Last week, Walmart completed the full selloff of the last of its DTC portfolio by selling Eloquii. Elsewhere, Gucci was investigated by the E.U.’s antitrust regulators, luxury resale platform Cudoni shut down, and LVMH shifted resources out of Hong Kong. Don’t forget to subscribe to the Glossy Podcast for interviews with fashion industry leaders and Week in Review episodes, and the Glossy Beauty Podcast for interviews from the beauty industry. —Danny Parisi, sr. fashion reporter
Walmart sells off Bonobos and Eloquii
Just a week after agreeing to sell Bonobos to Express, Walmart struck a deal to sell another of its DTC acquisitions. On Friday, Walmart announced its sale of the extended-size brand Eloquii to FullBeauty Brands for an undisclosed sum. Walmart bought Eloquii in 2018 for $100 million.

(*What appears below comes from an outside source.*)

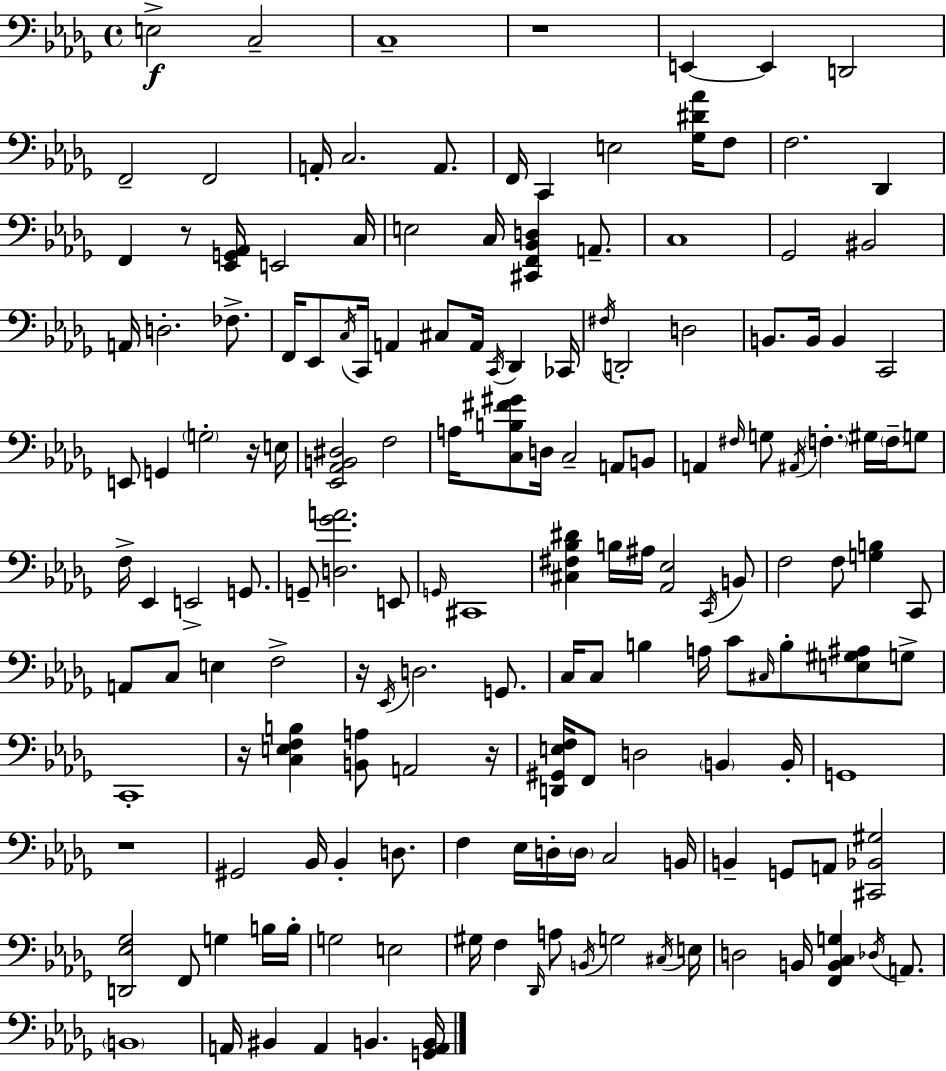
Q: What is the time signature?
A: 4/4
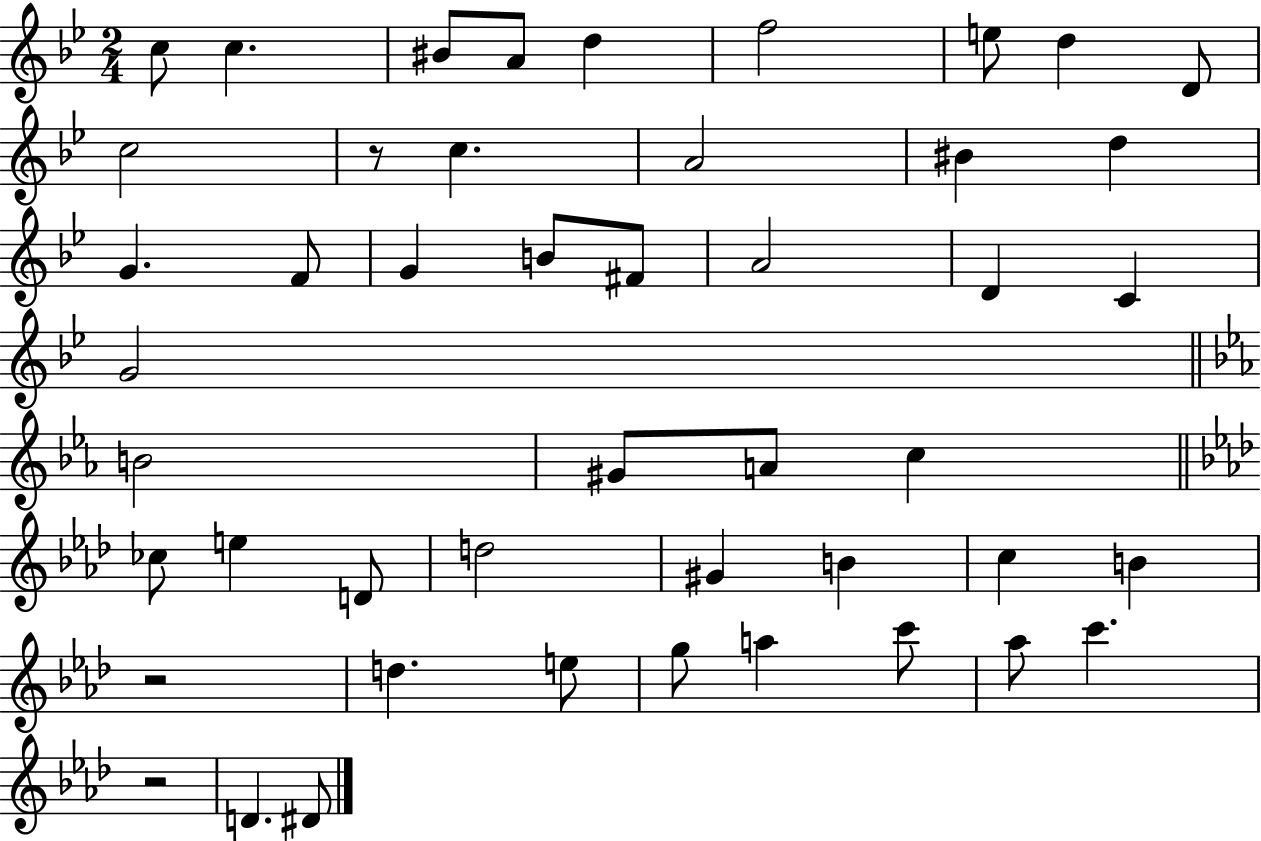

In the mid-2010s, Walmart went on a spree of buying online DTC startups including Eloquii, Bonobos, Moosejaw and Modcloth. It sold Modcloth in 2019 and sold the other three all this year — starting with Moosejaw in February — signaling an end to that DTC experiment.
Walmart, like many companies across the industry, is looking to cut underperforming aspects of its business and focus on fewer but more successful pieces. For Walmart, a major continued focus is its investment in its shipping infrastructure, seeing as it’s one of the few companies that can compete with Amazon on that front.
Gucci investigated by EU antitrust regulators
Regulators from an E.U. antitrust group have begun inspecting Gucci facilities across Europe, exploring the possibility that the Italian brand has violated the E.U.’s antitrust policies.
Reuters initially reported the news on Tuesday and confirmed it with Gucci’s parent company on Wednesday. There isn’t much detail available beyond that, besides the fact that Kering said it is complying with the investigation. Luxury conglomerates including Kering and its rival LVMH are among the largest companies in Europe. LVMH owner Bernard Arnault is currently the richest man on earth. If Kering is found to be in violation of antitrust laws, it could be fined 10% of its global revenue.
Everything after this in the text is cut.